At Southwest Livestock Exchange, co-owner Jimmy Speer is trying to line up enough hands to move cattle through the barn, follow any new inspection rules and keep commerce flowing.

“The labor force is not here as far as cowboys,” he says. “Labor is going to be the question of how well we can get this thing managed.”

He notes some outfits are already turning to H‑2A workers for cowboy skills — but the process is neither quick nor simple. Speer says screwworm isn’t going to wait three months for paperwork. For many ranchers, that mismatch between government timelines and real‑time animal health is a serious concern.

Angermiller agrees the challenge could be bigger this time. Three shifts worry him the most:

  • Fewer cowboys and horses
  • More cattle per person, often in larger or rougher country
  • Heavier wildlife pressure, giving NWS more wild hosts

Today, many ranches lean on feed trucks, side‑by‑sides and helicopters. Those tools help gather quickly — but they don’t automatically replace daily, close‑up visual checks for wounds.

Can Technology Help Cover the Gap?

Some producers point to technology as a potential answer in a world with fewer boots in the stirrups.

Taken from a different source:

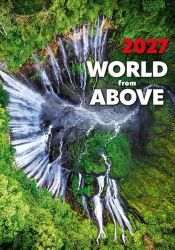 Kalendář nástěnný 2027 - World from Above - Nástěnné kalendáře World from Above 2027 - nástěnný kalendář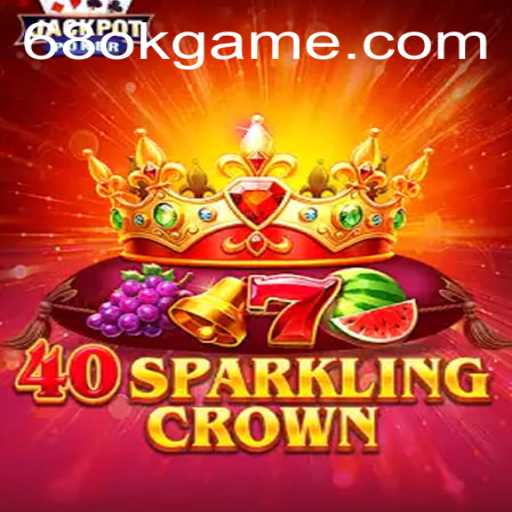 Discover the Thrilling World of 40SparklingCrown: A Game of Strategy and Luck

On one South Texas operation, virtual fencing collars are making surveillance and monitoring more efficient. Others are working with game cameras and AI tools to flag injuries instead of expecting someone to flip through thousands of photos.

“We’re trying to figure out how to train a model that can actually detect injury in trail‑camera pictures so we’re not looking at thousands of images of grass movement,” says Jason Sawyer, East Foundation chief science officer.

Even with technology tools, somebody must respond when a collar pings or a camera flags a suspicious image.

When the U.S. eradicated screwworm in 1966, the fight relied on sterile insect releases along with day cowboys who rode sunup to sundown roping and doctoring calves. Today’s cattle industry includes more animals with fewer people, and that efficiency might come at a cost when a labor‑intensive pest returns.

Angermiller’s question, echoed by McLaughlin, Speer and others, is one every rancher should ask now, before screwworm shows up at their gate: If NWS lands in my area, do I have the hands to deal with it?